雖然範寧已是從五品高官,但他畢竟是晚輩,他可不能和歐陽修坐在一起,而是坐在下首,蘇氏兄弟則坐在範寧下面,歐陽修旁邊的座位空着,一名使女進來給他們了茶。
歐陽修先沒有管蘇家兄弟,笑着問範寧道:“今天朝時,相公提出增加賑災支出,理由是鯤州押解來百萬兩銀子,大家都很好,鯤州的銀礦很豐富嗎?”
大宋賣兵甲給日本賺取大量銀子之事還屬於機密,只有極少數重臣知道,高若訥雖然也知道這件事,但他是做過相國之人,他知道這事若到處宣揚,打的不是範寧的臉,而是在壞天子的名聲,一旦天子知道是自己乾的,自己恐怕會吃不了兜着走,所以在這件事,高若訥保持了沉默。
是以大家都以爲範寧押解回來的銀子是鯤州所產。
範寧笑着點點頭,“一般火山活躍之處,金銀產量都很大,鯤州附近有火山羣,所以金礦和銀礦確實較多。

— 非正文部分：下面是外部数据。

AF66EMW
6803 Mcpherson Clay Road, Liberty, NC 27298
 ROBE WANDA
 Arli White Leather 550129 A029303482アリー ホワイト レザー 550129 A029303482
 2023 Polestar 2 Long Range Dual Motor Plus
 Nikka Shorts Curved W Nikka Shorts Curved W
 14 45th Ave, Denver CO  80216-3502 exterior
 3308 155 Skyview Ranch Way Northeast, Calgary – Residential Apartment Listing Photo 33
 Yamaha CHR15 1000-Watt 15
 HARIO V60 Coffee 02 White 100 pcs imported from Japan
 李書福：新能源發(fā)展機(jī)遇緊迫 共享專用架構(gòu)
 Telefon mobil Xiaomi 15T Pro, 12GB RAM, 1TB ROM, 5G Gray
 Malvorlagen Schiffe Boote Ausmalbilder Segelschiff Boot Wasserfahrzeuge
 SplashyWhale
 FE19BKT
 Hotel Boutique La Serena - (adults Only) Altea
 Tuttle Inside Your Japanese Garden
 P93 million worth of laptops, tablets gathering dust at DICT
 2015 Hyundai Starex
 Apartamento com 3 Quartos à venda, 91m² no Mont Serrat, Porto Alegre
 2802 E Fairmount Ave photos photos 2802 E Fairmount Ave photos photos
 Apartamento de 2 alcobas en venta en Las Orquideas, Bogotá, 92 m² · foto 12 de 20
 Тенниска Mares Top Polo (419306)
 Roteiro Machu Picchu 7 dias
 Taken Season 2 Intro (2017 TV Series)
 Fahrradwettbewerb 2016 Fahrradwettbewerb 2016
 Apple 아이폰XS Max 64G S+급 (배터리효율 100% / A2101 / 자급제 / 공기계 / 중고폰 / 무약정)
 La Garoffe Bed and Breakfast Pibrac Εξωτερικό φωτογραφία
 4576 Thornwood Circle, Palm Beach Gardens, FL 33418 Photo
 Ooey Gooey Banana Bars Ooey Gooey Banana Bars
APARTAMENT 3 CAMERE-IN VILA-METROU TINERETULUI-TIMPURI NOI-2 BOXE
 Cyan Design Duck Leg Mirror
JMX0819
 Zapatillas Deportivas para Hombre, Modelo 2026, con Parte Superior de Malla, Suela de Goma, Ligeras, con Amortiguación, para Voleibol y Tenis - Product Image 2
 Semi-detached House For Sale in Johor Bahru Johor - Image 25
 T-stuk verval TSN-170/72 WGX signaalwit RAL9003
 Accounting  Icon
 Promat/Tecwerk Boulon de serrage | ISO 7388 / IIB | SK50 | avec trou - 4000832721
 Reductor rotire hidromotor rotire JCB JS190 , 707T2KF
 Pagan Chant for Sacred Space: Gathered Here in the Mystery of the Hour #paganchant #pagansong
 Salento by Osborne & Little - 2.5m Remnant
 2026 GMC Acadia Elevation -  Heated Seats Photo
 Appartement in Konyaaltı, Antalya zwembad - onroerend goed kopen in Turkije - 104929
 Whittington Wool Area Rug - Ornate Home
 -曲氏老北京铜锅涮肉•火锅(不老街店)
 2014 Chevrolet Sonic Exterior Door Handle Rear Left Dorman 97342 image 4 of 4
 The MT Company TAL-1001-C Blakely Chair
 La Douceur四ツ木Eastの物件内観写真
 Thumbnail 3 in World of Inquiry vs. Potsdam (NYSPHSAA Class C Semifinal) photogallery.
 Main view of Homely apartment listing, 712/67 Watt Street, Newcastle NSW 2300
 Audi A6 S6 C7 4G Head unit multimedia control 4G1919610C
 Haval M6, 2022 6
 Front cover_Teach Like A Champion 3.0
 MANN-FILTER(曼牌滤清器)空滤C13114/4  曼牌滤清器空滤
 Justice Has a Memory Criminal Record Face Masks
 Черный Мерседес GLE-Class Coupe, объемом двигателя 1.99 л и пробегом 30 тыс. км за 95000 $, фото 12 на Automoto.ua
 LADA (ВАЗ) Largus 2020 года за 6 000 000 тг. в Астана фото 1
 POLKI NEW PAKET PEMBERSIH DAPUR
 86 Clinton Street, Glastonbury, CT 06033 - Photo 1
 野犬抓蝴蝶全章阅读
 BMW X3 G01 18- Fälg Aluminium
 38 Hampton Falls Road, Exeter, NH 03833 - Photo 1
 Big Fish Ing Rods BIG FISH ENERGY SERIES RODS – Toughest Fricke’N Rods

”
“看來鯤州真是一處寶地,不光產馬,還產金銀,真乃我大宋之福也!”
寒暄歸寒暄,範寧可是清清楚楚感受到旁邊兩位大才子的焦急,他便把話題拉回來,回頭對蘇軾笑道:“蘇兄何不請歐陽前輩指點一下詩?”
今天因爲想拜託馮京引薦富相公,蘇軾便將自己的一些作品帶在身邊,聽範寧提醒,他連忙取出一冊詩,恭恭敬敬呈給歐陽修。
“懇請歐陽前輩指點!”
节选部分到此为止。